I’m not sure why it took me this long to realize this, but outlining should have come first. Perhaps it was because I enjoyed the escape from my professional life, which involves constant outlining and boundary-setting on my normally free-wheeling writing style.

Academic writing requires discipline, starting with some premise of a motivation or research question, anchored in empirical observations (or theory) , and organized by testable hypotheses (or theoretical propositions).

Fiction ain’t like that at all, and yet outlining is still a good way to set reasonable bounds on my writing even in pursuit of this ultimate novel I’d like to write.

Sounds simple, doesn’t it?

Well, it sure took me long enough to figure that out.

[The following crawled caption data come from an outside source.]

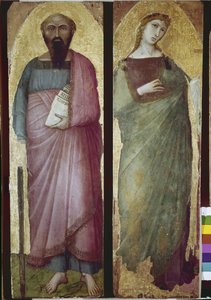 San Paolo e un santo martire (dettaglio) da Ambrogio Lorenzetti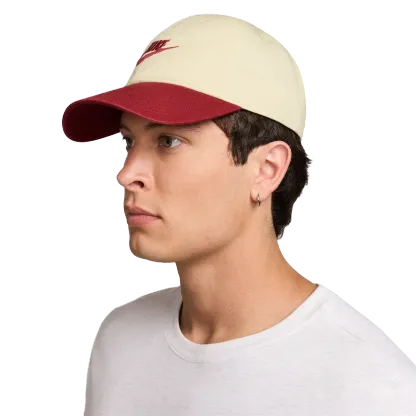 Nike Club H86 Adjustable Cap - Red/Beige - Image 3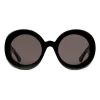 Gucci - Round Acetate Sunglasses - Black - Gucci Eyewear - Avvenice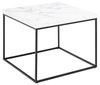 Konferenční stolek Barossa 60x60 cm čtvercový bílý mramor moderní do obýváku Actona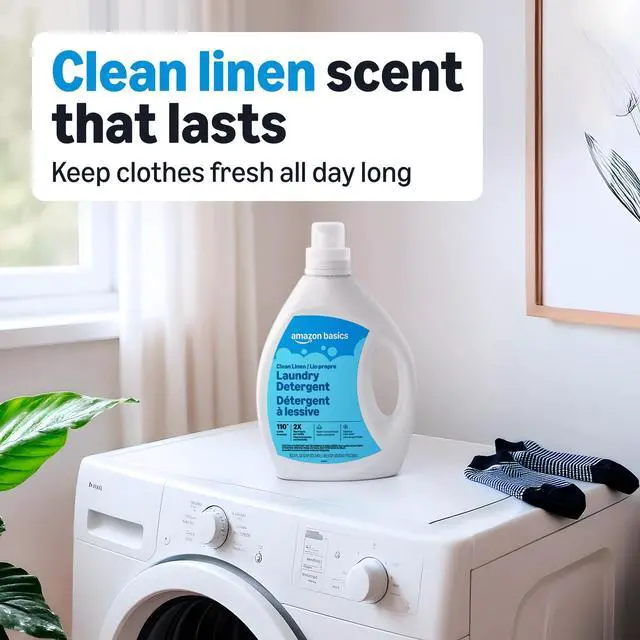 Alt view image 5 of 7 - Concentrated Liquid Laundry Detergent, Clean Linen, 110 loads, 82.5 Fl Oz, Packaging May Vary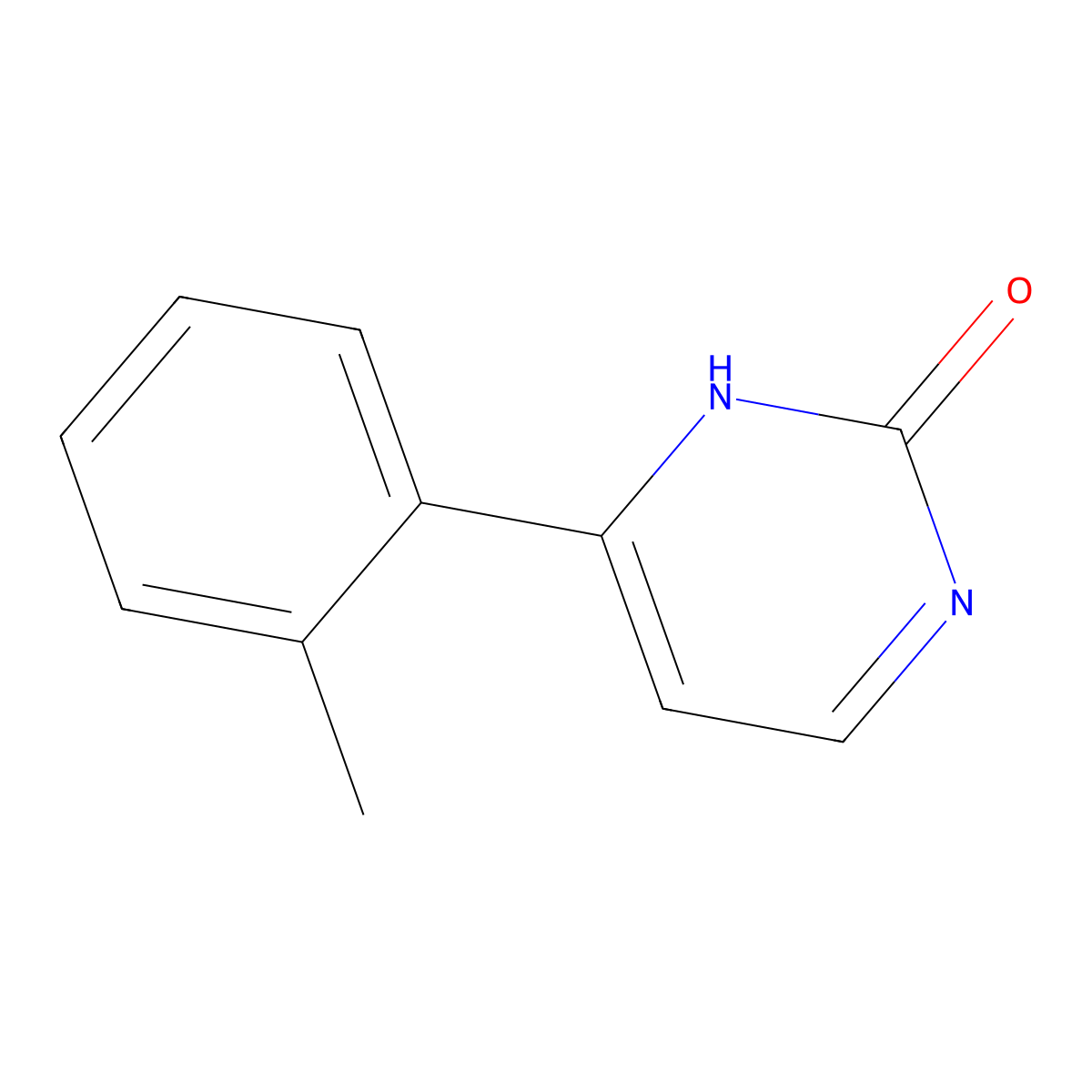 6-(2-Methylphenyl)-2(1H)-pyrimidinone molecular structure, CAS 1159816-96-2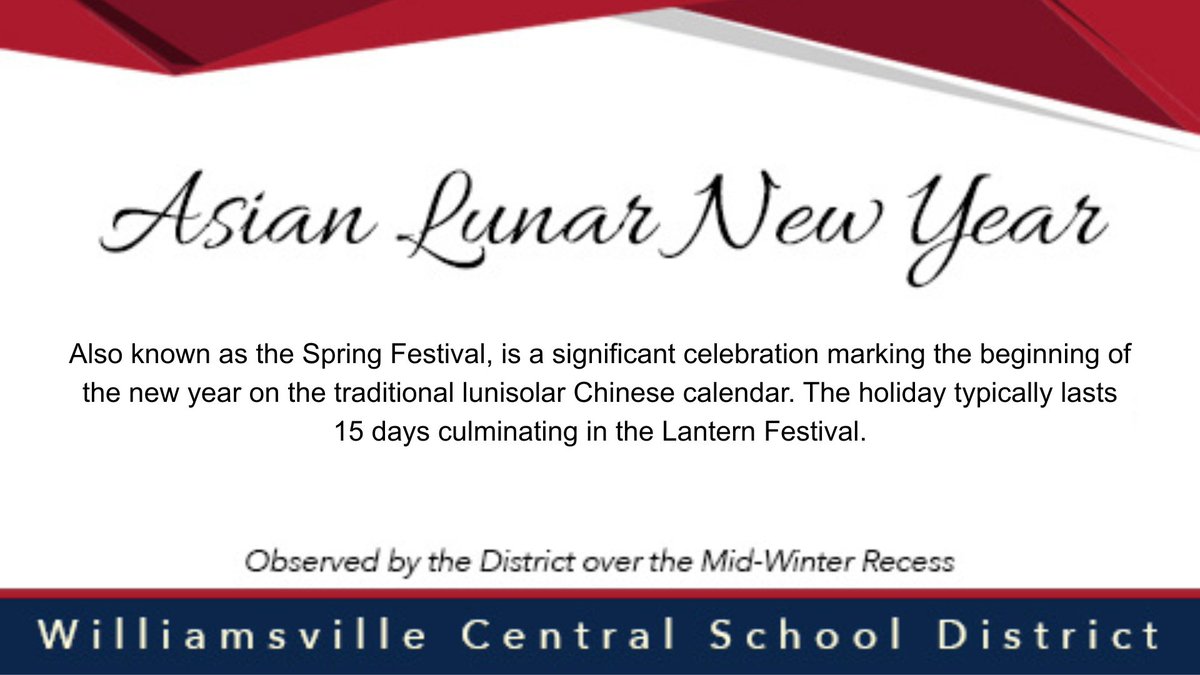 Williamsville CSD tweet media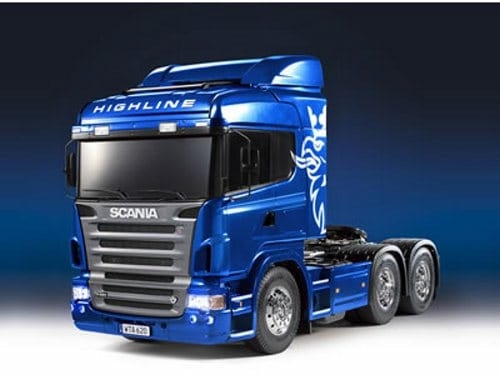Tamiya 1/14 RC Scania R620 w/Painted Body Racing Blue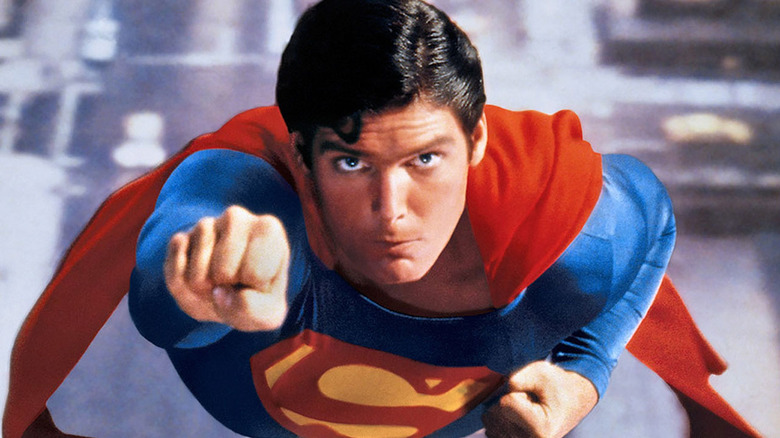 See Henry Cavill Step Into The Classic Christopher Reeve Superman Suit -  Heroic Hollywood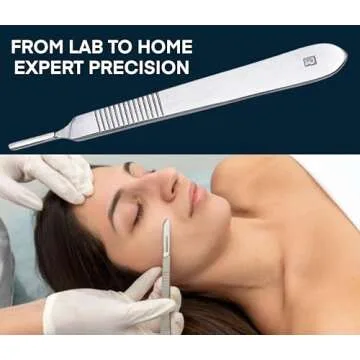 Premium Pack of 2 Scalpel Handle #3 for Dermaplaning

Thankfully, I have plenty of material that will STILL work, and plenty of plot devices and back story that won’t change, but much of the overall outline is showing me that the ultimate focus of the novel, and the “endgame” I had planned on months ago will be very different.

Then again

Maybe I wouldn’t be at this point where outlining is making such a difference had I NOT gone through the process of writing a series of “snapshot” chapters or character descriptions-through-dialogue-and-telling-not-showing.

This “uncover the fossil I’m digging up” is the method that Stephen King uses, in which he claims he doesn’t quite know where the story will go until he begins writing.

Brandon Sanderson, by contrast, does the opposite–focusing on outlining first before writing the first draft.

After about 500 hours of work and about $3,000 invested in art and drafts (I’m finally serious about this, and wanted to “burn the ships”, in a way…#Project2020), I guess I’ve figured out that I’m somewhere in the middle.

So, we’ll see where this ends up.

TL, DR: I am now outlining and things look a lot different than I thought they would. But I like where it’s going.